SOBRECARGA DE PLANTÕES
A médica obstetra Carolina Carrazone, que atuou no IMIP por 10 anos, descreveu a rotina como insustentável.
“Quando a gente começou o movimento, éramos quatro plantonistas a cada 12 horas, sendo um para a triagem obstétrica e três para sala de parto e centro obstétrico. Chegávamos a ter plantões com cerca de 60, 70 atendimentos, mais de 10, 15 procedimentos, fora as reavaliações, intercorrências, apoio à UTI e supervisão de residentes. Isso é uma sobrecarga muito grande de trabalho para quatro profissionais”, disse.

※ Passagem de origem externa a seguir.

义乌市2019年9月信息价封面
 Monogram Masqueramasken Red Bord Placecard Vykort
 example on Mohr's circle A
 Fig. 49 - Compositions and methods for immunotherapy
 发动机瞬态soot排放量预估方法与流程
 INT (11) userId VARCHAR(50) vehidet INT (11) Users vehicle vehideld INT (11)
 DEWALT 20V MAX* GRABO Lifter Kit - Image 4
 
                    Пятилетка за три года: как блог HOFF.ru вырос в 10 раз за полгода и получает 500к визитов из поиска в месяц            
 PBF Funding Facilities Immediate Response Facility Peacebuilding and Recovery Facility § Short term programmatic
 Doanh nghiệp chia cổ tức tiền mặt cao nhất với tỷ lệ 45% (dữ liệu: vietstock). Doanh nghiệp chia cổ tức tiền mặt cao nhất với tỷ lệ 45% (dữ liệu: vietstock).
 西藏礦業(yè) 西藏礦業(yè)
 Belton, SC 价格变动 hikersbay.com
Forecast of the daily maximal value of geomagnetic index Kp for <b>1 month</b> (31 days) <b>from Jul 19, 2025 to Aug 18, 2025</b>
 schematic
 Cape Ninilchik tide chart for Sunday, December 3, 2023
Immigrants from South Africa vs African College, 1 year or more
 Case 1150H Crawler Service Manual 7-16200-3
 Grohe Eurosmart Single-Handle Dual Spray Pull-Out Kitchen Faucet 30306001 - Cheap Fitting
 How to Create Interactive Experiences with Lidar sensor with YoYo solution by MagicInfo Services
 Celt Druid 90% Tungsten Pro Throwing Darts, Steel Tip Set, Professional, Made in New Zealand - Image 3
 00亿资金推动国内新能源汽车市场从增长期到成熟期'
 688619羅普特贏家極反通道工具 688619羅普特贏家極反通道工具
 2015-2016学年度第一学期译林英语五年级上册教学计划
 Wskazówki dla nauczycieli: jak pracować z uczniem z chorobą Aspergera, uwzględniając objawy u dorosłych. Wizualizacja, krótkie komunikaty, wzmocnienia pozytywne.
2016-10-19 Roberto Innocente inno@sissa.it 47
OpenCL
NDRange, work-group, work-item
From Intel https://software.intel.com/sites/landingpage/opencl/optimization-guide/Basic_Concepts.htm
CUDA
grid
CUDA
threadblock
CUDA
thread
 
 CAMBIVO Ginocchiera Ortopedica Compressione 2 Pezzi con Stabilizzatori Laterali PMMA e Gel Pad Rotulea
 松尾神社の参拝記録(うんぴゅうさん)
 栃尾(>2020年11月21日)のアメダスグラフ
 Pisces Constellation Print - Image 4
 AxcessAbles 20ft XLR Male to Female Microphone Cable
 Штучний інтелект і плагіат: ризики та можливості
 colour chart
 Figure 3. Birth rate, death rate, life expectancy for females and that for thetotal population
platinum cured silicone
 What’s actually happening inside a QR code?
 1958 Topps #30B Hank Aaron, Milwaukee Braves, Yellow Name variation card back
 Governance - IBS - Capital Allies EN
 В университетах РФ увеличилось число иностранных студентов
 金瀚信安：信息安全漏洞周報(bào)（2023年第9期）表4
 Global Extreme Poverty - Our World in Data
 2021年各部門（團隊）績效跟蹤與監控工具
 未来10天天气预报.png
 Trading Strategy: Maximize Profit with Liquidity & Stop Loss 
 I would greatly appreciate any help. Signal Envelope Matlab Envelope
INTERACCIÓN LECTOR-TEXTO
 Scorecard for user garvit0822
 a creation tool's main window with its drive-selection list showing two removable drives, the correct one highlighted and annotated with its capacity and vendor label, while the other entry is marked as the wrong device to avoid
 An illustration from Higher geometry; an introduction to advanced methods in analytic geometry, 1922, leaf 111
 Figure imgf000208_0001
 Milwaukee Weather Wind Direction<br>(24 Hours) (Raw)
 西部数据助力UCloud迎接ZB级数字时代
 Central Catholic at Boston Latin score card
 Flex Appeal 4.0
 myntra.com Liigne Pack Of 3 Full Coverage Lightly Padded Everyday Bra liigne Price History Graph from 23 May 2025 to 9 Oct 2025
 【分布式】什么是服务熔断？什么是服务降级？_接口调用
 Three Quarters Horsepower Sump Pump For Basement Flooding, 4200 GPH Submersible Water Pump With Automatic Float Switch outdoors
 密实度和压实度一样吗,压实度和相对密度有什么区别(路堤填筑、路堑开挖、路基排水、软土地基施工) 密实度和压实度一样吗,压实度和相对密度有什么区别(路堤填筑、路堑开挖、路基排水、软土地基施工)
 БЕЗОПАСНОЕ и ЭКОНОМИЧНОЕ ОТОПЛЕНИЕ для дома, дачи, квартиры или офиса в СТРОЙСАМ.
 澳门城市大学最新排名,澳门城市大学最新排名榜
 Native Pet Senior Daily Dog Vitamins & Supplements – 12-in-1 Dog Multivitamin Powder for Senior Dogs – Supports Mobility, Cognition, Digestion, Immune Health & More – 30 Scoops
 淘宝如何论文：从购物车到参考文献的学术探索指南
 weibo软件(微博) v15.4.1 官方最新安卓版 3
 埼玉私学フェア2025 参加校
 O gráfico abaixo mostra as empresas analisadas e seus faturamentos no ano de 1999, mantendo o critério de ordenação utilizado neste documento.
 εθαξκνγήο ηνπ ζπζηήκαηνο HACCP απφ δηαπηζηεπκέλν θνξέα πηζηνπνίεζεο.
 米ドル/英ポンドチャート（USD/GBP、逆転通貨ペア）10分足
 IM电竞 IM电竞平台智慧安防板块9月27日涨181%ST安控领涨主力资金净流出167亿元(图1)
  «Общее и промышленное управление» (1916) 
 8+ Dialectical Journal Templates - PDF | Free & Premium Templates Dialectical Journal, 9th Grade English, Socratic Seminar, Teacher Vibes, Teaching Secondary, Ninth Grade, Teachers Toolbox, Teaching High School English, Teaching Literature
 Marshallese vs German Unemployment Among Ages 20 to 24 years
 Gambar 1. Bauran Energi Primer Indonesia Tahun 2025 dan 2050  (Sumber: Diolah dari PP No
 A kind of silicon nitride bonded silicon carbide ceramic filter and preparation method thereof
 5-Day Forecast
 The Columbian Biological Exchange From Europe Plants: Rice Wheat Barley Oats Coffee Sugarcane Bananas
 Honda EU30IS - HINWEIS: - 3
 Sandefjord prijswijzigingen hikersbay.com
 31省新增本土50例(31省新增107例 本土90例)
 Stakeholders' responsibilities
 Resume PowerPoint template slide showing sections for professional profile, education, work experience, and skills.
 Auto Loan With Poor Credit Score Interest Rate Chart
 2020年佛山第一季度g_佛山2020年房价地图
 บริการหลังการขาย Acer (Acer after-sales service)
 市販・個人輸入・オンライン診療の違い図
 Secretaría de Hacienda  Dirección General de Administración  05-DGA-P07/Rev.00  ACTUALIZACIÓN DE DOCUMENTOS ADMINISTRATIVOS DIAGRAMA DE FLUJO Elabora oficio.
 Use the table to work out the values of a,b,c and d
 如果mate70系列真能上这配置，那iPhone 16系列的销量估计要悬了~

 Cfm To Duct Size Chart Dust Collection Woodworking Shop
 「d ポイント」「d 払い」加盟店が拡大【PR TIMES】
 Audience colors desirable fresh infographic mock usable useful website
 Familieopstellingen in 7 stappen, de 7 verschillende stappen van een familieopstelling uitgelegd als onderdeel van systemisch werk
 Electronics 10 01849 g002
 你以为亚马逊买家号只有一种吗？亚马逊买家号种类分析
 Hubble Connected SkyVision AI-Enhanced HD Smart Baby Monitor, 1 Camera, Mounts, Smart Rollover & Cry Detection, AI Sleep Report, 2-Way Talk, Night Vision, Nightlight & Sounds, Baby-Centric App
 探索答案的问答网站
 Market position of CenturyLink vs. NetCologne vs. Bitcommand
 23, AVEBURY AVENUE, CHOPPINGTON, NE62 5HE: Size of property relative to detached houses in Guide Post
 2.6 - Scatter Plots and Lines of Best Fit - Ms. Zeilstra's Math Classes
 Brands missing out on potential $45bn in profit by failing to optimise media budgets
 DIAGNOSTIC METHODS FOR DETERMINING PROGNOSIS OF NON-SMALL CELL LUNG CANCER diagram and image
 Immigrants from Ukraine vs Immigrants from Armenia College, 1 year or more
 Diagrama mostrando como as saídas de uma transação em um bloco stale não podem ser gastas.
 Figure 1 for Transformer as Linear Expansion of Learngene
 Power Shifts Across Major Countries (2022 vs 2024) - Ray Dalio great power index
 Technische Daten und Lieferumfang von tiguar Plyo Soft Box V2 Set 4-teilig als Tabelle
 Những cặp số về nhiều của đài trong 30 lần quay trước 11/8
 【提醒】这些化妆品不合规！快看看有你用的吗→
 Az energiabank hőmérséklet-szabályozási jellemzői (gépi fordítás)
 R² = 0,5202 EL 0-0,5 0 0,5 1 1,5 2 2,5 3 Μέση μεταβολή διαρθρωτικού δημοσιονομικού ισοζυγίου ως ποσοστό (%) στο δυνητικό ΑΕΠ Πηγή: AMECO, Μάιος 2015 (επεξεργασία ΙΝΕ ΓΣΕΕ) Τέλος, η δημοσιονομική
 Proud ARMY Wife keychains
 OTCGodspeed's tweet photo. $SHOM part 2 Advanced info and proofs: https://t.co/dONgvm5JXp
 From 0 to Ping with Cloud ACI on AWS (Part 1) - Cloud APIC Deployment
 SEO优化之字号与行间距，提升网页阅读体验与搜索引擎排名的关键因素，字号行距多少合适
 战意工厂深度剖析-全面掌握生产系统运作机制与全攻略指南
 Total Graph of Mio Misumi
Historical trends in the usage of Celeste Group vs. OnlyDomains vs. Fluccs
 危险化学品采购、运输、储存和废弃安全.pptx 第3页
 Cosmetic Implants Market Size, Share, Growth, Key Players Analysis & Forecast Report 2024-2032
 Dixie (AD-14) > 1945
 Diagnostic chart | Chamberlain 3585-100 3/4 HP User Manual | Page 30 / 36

Segundo ela, houve tentativa recente de incluir um quinto médico nos plantões, mas o reforço ainda é insuficiente para a demanda.
NEGOCIAÇÃO SALARIAL
As tratativas foram conduzidas pelo Sindicato dos Médicos de Pernambuco (Simepe). De acordo com a entidade, os obstetras do IMIP recebem, em média, metade do salário pago em outras unidades de saúde do estado.
A vice-presidente do Simepe, Jamilly Santos, reforçou o descontentamento da categoria.
“Os médicos estão desvalorizados. A gente gostaria muito que o IMIP reconhecesse o real trabalho desses profissionais, que lidam com o binômio mãe e bebê. Queremos que eles sejam reconhecidos não só financeiramente, mas também como profissionais. Infelizmente, não é o que acontece hoje”, declarou.
Segundo o sindicato, a categoria pleiteava reajuste entre 27% e 38%, índice já alcançado em negociações anteriores com neonatologistas. No entanto, o IMIP ofereceu apenas 8%.
CONTINUIDADE DO ATENDIMENTO
Apesar das demissões, os médicos vão cumprir o aviso prévio de 30 dias para garantir a continuidade da assistência às pacientes.
O IMIP era considerada referência nacional no atendimento materno-infantil e possui atualmente 61 obstetras no quadro funcional. A unidade é mantida pelo Sistema Único de Saúde (SUS) e por doações.
Em 2024, o complexo hospitalar realizou quase 5 mil partos e ultrapassou a marca de 1 milhão de atendimentos, entre consultas, cirurgias, transplantes e outros procedimentos.
O IMIP já recebeu os pedidos de desligamento e informou ter repassado para a Secretaria de Saúde de Pernambuco.